Sempat muncul tanda pagar #OTTRecehan yang diinisiasi jaksa di lingkungan Kejaksaan Agung. #OTTRecehan itu disebut merupakan rasa kecewa para jaksa atas perbuatan Kasi Intel III Kejaksaan Tinggi Bengkulu Parlin Purba yang ditangkap KPK.
Wakil Ketua KPK Laode M Syarif pun bicara panjang-lebar tentang #OTTRecehan tersebut. Menurut Syarif, besaran uang yang disita saat OTT tidak menjadi patokan.
"Ngapain cuma Rp 10 juta? Ngapain juga cuma Rp 50 juta? Tapi, di balik recehan itu sebenarnya ada miliaran.

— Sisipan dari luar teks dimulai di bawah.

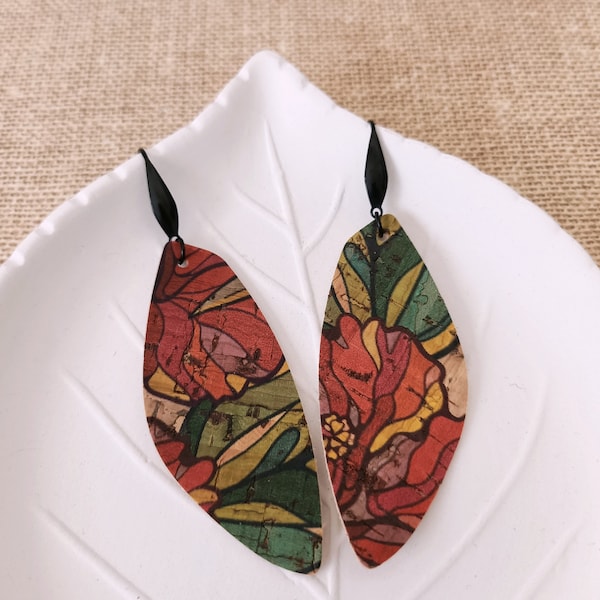 Cork leaf shaped earrings. 316 grade stainless steel hypoallergenic hooks. Vegan leather earrings. Statement earrings. Gift for her.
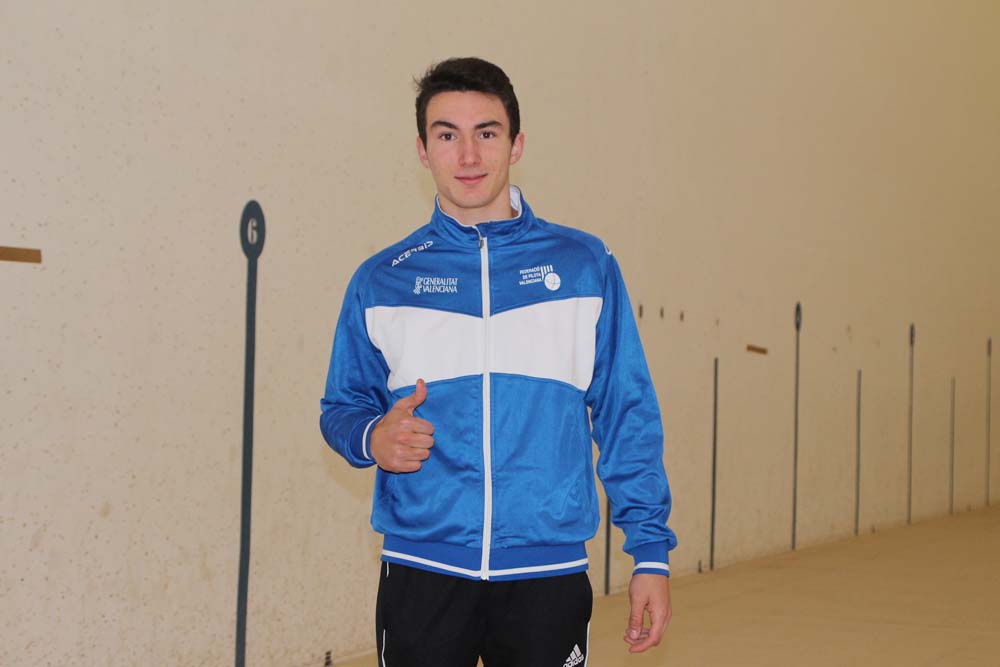 Iván Esparza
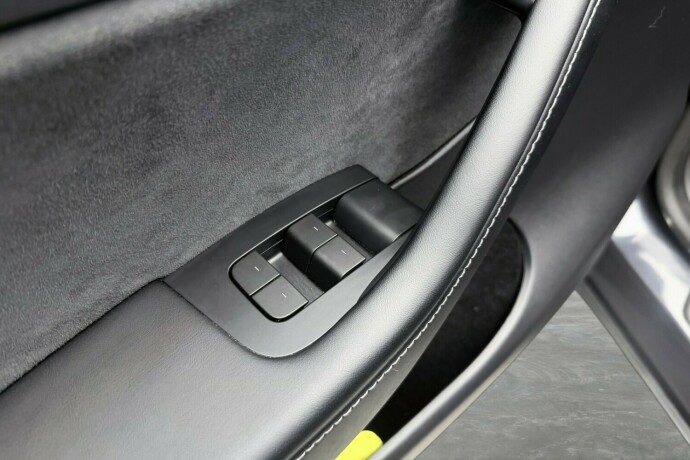 tesla-model-y-elektrisitet-2023-big-22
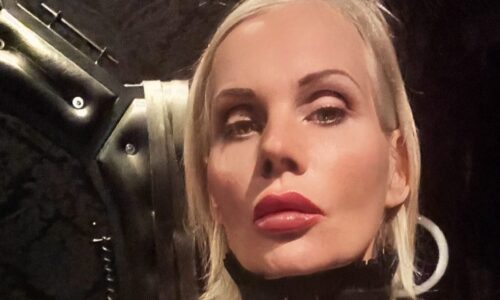 mistress-helen-bates-–-latex-–-dominas-in-bochum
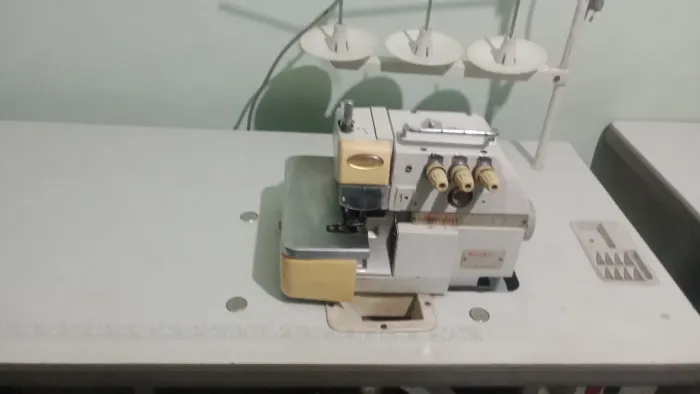 Máquina de costura overlock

OTT terakhir yang dilakukan Rp 10 juta dan itu yang diributin sebagai OTT recehan," ucap Syarif di kantornya, Jalan Kuningan Persada, Jakarta Selatan, Senin (19/6/2017).
Menurut Syarif, proyek yang ada di Bengkulu yang berbau suap itu sudah ada bagiannya untuk urusan rasuah. Bahkan bagian-bagian itu sudah tertulis dalam dokumen.
"Bagi satgas atau yang ada di sini, ikut itu, di dalam satu proyek besar yang di Bengkulu itu. Itu sudah ditulis ada 6 persen dari anggaran itu, dipakai 3 persen untuk internal, which is yang punya proyek, dan 3 persen lagi dipakai eksternal, yang salah satunya aparat penegak hukum. Itulah yang ditangkap untuk menyelamatkan 6 persen dari jumlah proyek itu. Itu yang ingin kami kerjakan," sebut Syarif.
Syarif lalu menceritakan tentang salah satu OTT KPK yang 'hanya' menangkap seorang pegawai negeri sipil di Pengadilan Negeri Jakarta Utara. Dia adalah Rohadi, yang 'hanya' sebagai PNS.
"Dalam satu pertemuan, waktu itu ada yang bilang ke Pak Agus, 'Pak Agus, Rp 50 juta itu orang polres saja yang tangkap, masak KPK?' Tapi apa yang terjadi di balik Rp 50 juta?" ucap Syarif.
"Rohadi cuma panitera pengadilan. Dia pergi dengan voorijder setiap hari, punya rumah sakit, punya amusment park, punya 17 mobil mewah kalau nggak salah, punya beberapa rumah mewah, punya istri lebih dari satu, penyanyi dangdut. Ya Rp 50 juta, tetapi kita save puluhan atau ratusan miliar," sambung Syarif.